(Material for this task Opens)

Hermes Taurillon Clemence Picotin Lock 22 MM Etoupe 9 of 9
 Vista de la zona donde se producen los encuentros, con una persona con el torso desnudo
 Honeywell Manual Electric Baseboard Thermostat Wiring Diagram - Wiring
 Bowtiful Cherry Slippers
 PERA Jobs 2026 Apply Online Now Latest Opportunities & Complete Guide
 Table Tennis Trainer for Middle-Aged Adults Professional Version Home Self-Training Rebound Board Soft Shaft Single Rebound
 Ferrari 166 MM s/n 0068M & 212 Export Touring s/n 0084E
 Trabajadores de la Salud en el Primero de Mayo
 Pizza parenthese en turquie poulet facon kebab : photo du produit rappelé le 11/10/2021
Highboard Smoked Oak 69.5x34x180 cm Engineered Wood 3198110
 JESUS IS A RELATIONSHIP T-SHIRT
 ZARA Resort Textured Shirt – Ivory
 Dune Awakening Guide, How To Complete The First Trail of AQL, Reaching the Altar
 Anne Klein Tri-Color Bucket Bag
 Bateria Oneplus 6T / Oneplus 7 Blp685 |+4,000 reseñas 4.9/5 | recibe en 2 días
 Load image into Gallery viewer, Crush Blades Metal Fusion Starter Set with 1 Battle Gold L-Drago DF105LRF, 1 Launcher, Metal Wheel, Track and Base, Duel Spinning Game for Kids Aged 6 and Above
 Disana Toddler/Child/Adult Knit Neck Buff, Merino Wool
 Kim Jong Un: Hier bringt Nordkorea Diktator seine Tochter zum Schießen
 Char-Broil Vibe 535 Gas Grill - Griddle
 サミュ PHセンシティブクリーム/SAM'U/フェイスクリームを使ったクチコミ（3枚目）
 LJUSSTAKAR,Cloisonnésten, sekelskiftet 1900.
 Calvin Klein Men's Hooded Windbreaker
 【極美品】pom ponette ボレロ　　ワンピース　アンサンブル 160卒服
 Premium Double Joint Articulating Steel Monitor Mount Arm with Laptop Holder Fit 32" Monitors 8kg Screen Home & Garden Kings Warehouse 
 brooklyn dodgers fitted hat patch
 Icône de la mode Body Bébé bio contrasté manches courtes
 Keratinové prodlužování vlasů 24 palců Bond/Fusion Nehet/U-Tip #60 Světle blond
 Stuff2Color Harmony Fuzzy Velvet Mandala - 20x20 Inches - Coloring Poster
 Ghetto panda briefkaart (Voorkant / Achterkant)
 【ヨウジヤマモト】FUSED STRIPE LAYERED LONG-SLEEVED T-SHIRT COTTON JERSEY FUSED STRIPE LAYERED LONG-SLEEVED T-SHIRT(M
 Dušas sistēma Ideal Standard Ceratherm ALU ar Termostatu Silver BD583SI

(Material for this task Closes)

_About this task_
Note down each line above where the word "Home" occurs.

_Answer space_
 Table Tennis Trainer for Middle-Aged Adults Professional Version Home Self-Training Rebound Board Soft Shaft Single Rebound
 Premium Double Joint Articulating Steel Monitor Mount Arm with Laptop Holder Fit 32" Monitors 8kg Screen Home & Garden Kings Warehouse 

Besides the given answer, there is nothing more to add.